Collaboration, listening, honesty and support were also common keywords. Christine Russo-Robertson, national sales manager at Monterey Bay Aquarium in California, shared this piece of intentional wisdom, “I lead through trust, open communication and always with an element of fun.”
“Trust is the gateway to empowerment, which lends to self-management and potential career progression. Equipping others to achieve their best result is leadership,” is how Ruth Fitzgerald, director of sales for Visit Spokane in Washington, sees the role of an effective leader.

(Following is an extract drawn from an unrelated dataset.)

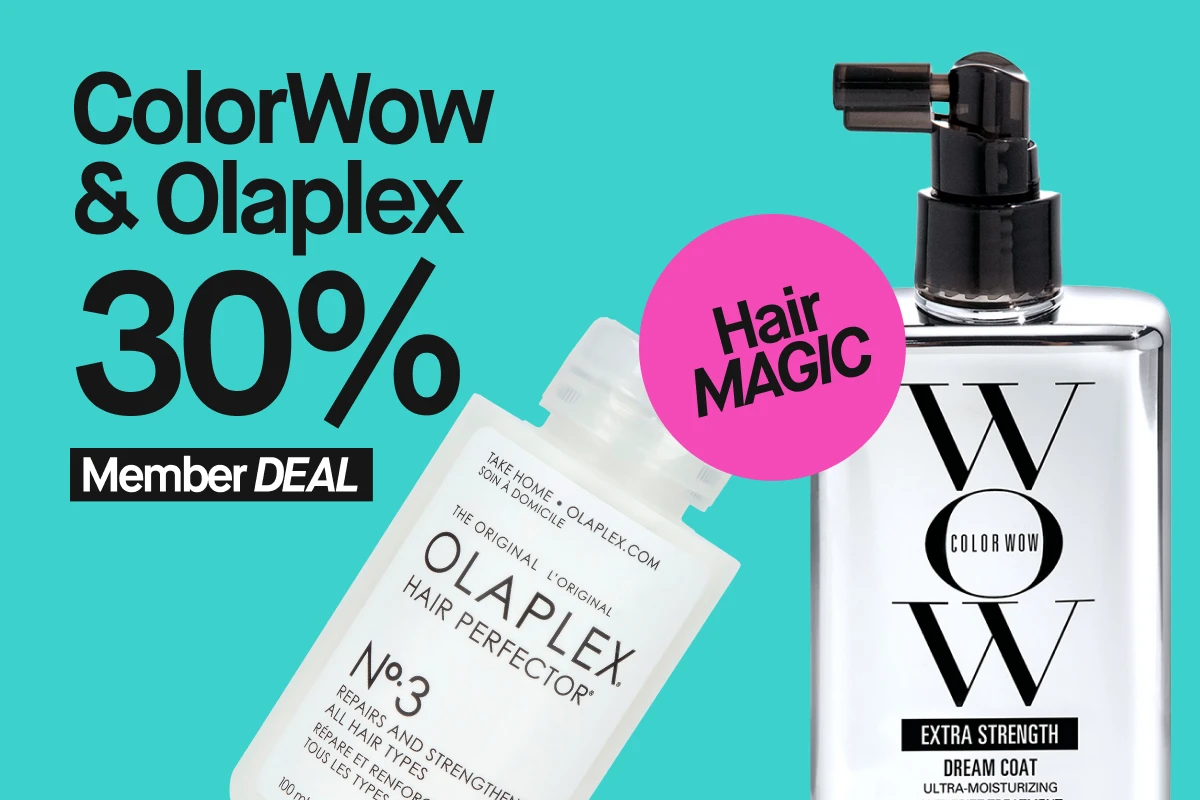 Två hårvårdsprodukter, en flaska med spray och en vit flaska med texten 'Olaplex', med texten '30% Member Deal'.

Carolyn Pund, a senior manager at Cisco Systems may have said it the most succinctly: “Leadership is using your interpersonal skills to help others accomplish goals.”
The Servant Leader Way
Volunteering and mentoring also made the list of reasons to give it your all.
“Finding the combination of doing what I love, while giving back to charities I am passionate about, inspires me to be my best self and the change I want to personify in our industry,” said Linda Worthington, director of global accounts at HelmsBriscoe.
Also voicing the pay it back and forward sentiment was Kate Patay, chief strategy officer for her self-named consulting company. “A lot of smart women made a lot of smart choices to help further the reach of our collective voices, and I’m thrilled to have been a part of not only opening doors, but helping others through them, as well.”
That is not to say these women just spend their days holding hands and singing camp songs together. They are also fierce about chasing success. Niki Gross, managing director at Whitney Peak Hotel in Reno, Nevada, explained her leadership style this way: “I’ve always been highly competitive. The opportunity to create and grow a brand—in the face of numerous obstacles and naysayers—and then put together a team that is passionate about what we do and how we serve our guests inspires me daily.”
A Thank You Attitude
Gratitude was another shared sentiment. “We work in a dream industry,” said Amy Popper, senior marketing manager for Marriott International’s Convention and Resort Network. “We get to see the world, build meaningful relationships and make magic happen for our customers. I feel blessed to wake up excited for work—even before coffee—and to use my unique DNA to make an impact. I was built for this.”
One of the other common denominators was an understanding that the work these women are doing is bigger than themselves. They support their companies, their clients and their industry.
Marty MacKay, president of Global Alliance, Hosts Global, said, “I have a strong desire to elevate the meetings industry. It is important to me that we, as planners, are always improving what we do and educating ourselves and others on issues and trends. We have a responsibility to our stakeholders to present the best ideas and a responsibility to be the best partner we can be. It takes a village to pull off an event.”